Let’s see how some real companies create shirts. In the plots below, the red boxes represent the advertised range (in cm) for Neck and Chest sizes for each brand.

For Calvin Klein, we see that the red boxes are below the least squares line (black line). So for a given neck size, Calvin Klein makes shirts that are a little bit too small at the chest.

For Express, we see that the red boxes are generally on the least squares line, except for the smallest size. This means that Express shirts are generally a good fit at the chest and neck for the 4 largest sizes, but the smallest shirt size is a bit too small at the chest for the neck size.

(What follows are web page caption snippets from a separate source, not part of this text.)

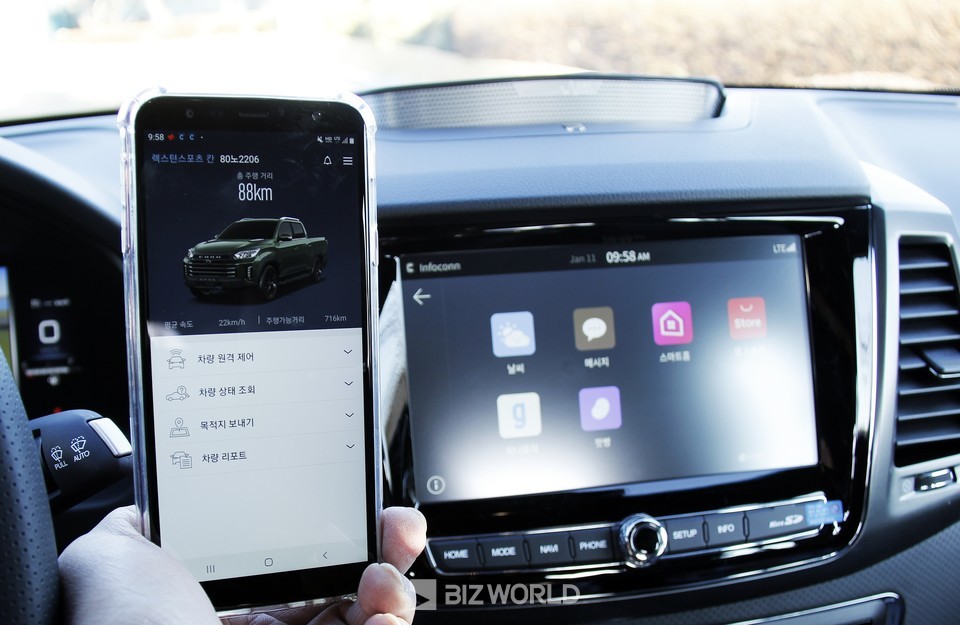 인포콘 서비스 화면과 애플카플레이 작동 화면. 사진=손진석 기자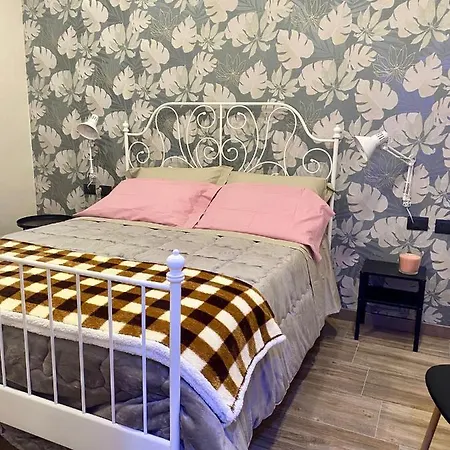 Staziona E Dormi Bed & Breakfast *
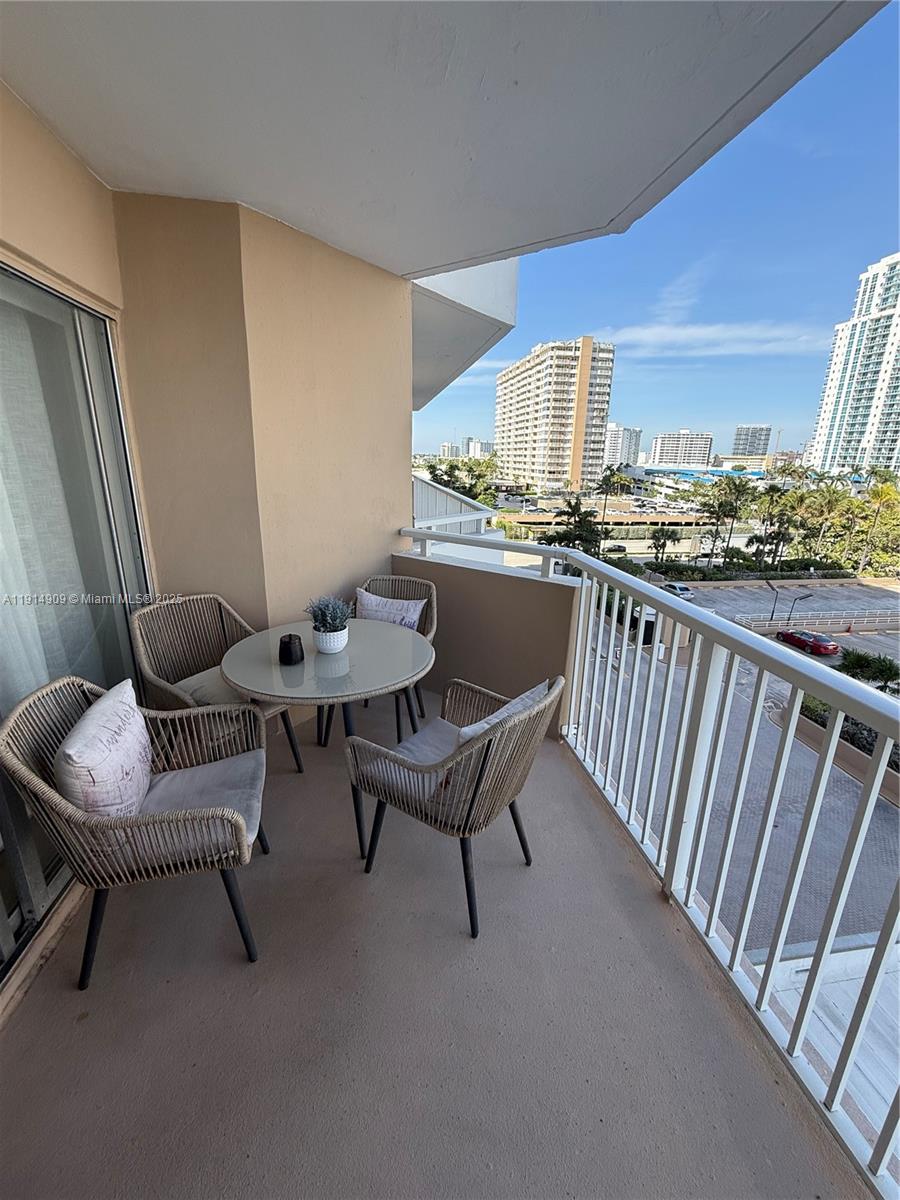 HEMISPHERES CONDO - Residential Lease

For Brooks Brothers, the red boxes are a bit below the least squares line for the 3 smallest sizes and a little above the line for the largest size. This means that the 3 smallest sizes are a bit too small in the chest for our customers (in our data set) with those neck sizes and that the largest shirt is a bit big at the chest for that neck size.

We haven’t told you how the customer data we’ve been using was collected. As you compared the brand sizes to this sample data, what assumptions were you making about the population that the sample was drawn from?

What questions do you have about the sampling procedure?